The people of Texas are informed that in accordance with a proclamation

Of the United States, all slaves are free.

This involves an absolute equality of rights

And rights of property between former masters and slaves,

And the connection heretofore existing between them

Becomes that between employer and hired laborer.

 

That June day in Texas became known as Juneteenth.  While Juneteenth has been celebrated with varying degrees of excitement and remembrance, it took 156 years for this critically important day to be recognized and declared a national holiday.  This important day celebrates African American freedom and achievement.  This is a day also to remember how far we have come in our society – while also recognizing how far we have to go to achieve not only equality but respect and appreciation for all persons and cultures.  Now more than ever there is a great need for those who follow Jesus the Christ to be united in our understanding that people of every race, color, creed, and ethnicity are clearly made in the image of God.  God is reflected in each and every person.

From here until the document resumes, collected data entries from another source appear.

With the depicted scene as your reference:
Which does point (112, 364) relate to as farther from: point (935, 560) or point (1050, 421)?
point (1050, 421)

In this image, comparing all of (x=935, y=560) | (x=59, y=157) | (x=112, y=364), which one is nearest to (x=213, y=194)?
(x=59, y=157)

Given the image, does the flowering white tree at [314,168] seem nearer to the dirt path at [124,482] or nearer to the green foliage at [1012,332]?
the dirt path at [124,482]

That is why our church acknowledges that racism is sin!  It is the opposite of the commandment Jesus identified as the greatest of all: to love God and to love our neighbors as ourselves.  Racism contradicts love, causing great harm and a profound disconnect with others and with God.  We must acknowledge our failing as a church and as disciples of Christ in not taking sustained and deliberate action to eradicate the sin of racism that continues to oppress African Americans and people of color in our country and around the world.[i]

Similar to Paul’s encouragement to bear one another’s burdens while each one must carry their own load, addressing the continuation of racism following the emancipation of slaves is fraught with contradiction.  We lament that some of us have benefitted greatly from our nation’s founding which included the genocide of Native Americans and the suffering of enslaved people.  Generations of white Americans have enjoyed unparalleled freedom and prosperity, while generations of descendants of African American slaves have faced unspeakable brutality and oppression.  While claiming to be a people of faith in a God who loves all people equally, whites have benefited from a system of racial domination which has hurt many people of color, also including Asian Americans and those of Hispanic heritage.[ii]

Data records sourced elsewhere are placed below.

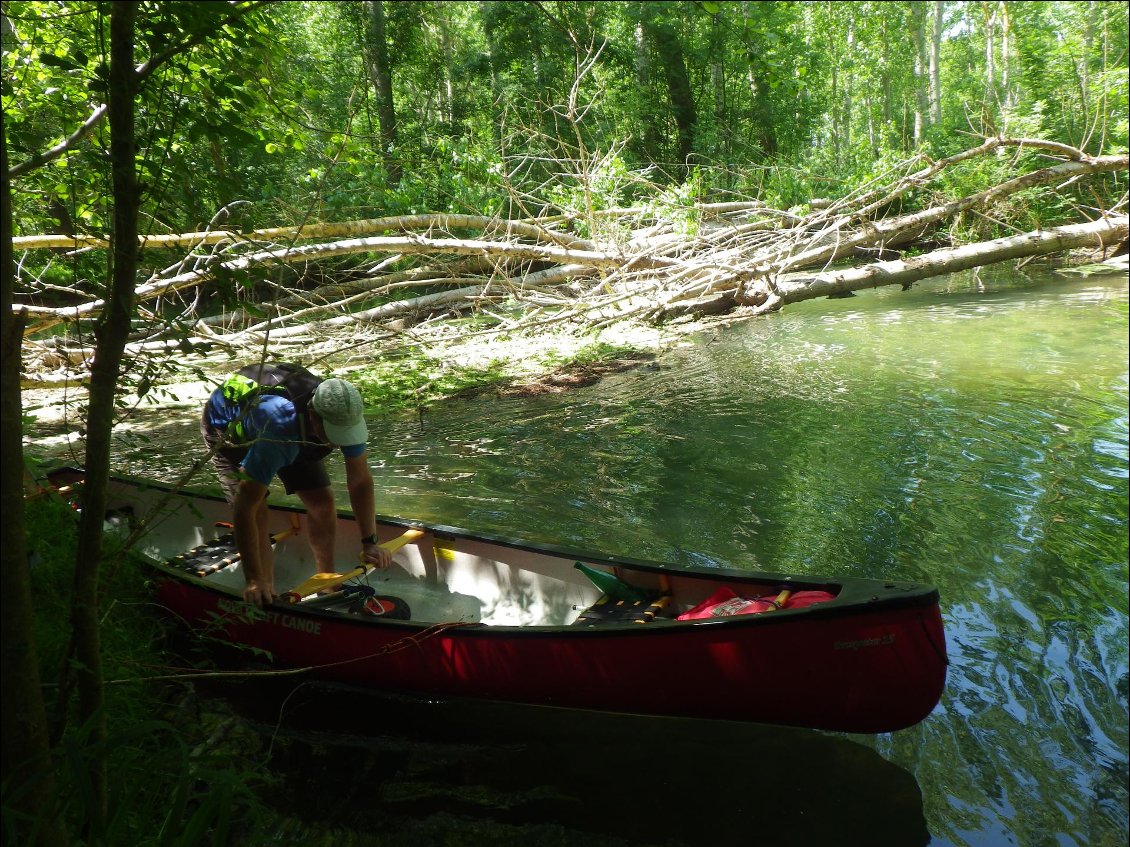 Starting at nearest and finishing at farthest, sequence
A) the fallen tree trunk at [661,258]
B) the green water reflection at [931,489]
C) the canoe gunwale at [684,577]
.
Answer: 1. the canoe gunwale at [684,577]
2. the green water reflection at [931,489]
3. the fallen tree trunk at [661,258]

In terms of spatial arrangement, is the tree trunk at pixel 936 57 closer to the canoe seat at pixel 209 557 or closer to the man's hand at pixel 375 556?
the canoe seat at pixel 209 557

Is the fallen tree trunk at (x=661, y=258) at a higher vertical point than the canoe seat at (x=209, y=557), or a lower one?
higher

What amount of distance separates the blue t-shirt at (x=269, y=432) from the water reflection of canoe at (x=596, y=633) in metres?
0.44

We give thanks that history clearly shows that some have courageously worked to eradicate slavery, segregation, and oppression, even risking ridicule, condemnation, injury and death.  Even in the church, the moral courage of the few to stand with the marginalized and oppressed, continues to inspire those who have remained silent for far too long.

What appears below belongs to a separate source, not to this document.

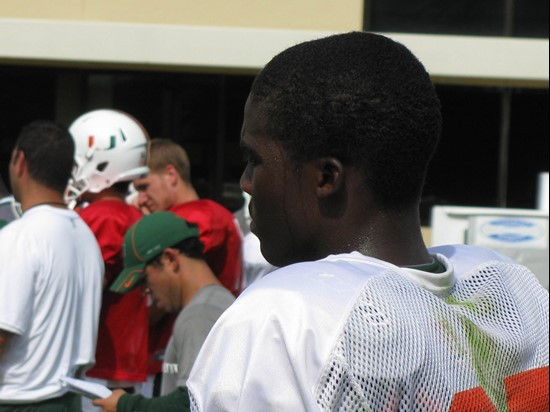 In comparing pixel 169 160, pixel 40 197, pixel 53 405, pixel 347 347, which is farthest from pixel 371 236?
pixel 169 160

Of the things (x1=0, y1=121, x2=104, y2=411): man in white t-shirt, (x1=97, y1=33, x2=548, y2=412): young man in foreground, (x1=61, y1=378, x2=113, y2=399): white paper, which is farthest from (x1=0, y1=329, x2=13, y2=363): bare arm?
(x1=97, y1=33, x2=548, y2=412): young man in foreground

Last week, I encouraged us to TAKE ACTION to make a witness against gun violence in our land.  Today, I challenge us all to become aware of how so many have benefitted from a system that has oppressed millions of people from the founding of our country.  And then, may we covenant to work with and for people of color to overcome systems of racism that continue to deny equal access to a more bountiful life.  May we each use our influence to work against racism and to welcome people of all races, cultures, and ethnicities by valuing each voice within our relationships and within this Body of Christ.  May we strive to be the Beloved Community of God where all know what it means to be beloved!

[i] Adapted from Becoming the Beloved Community: Our Covenant Against Racism; A Covenant of the Susquehanna Conference Cabinet.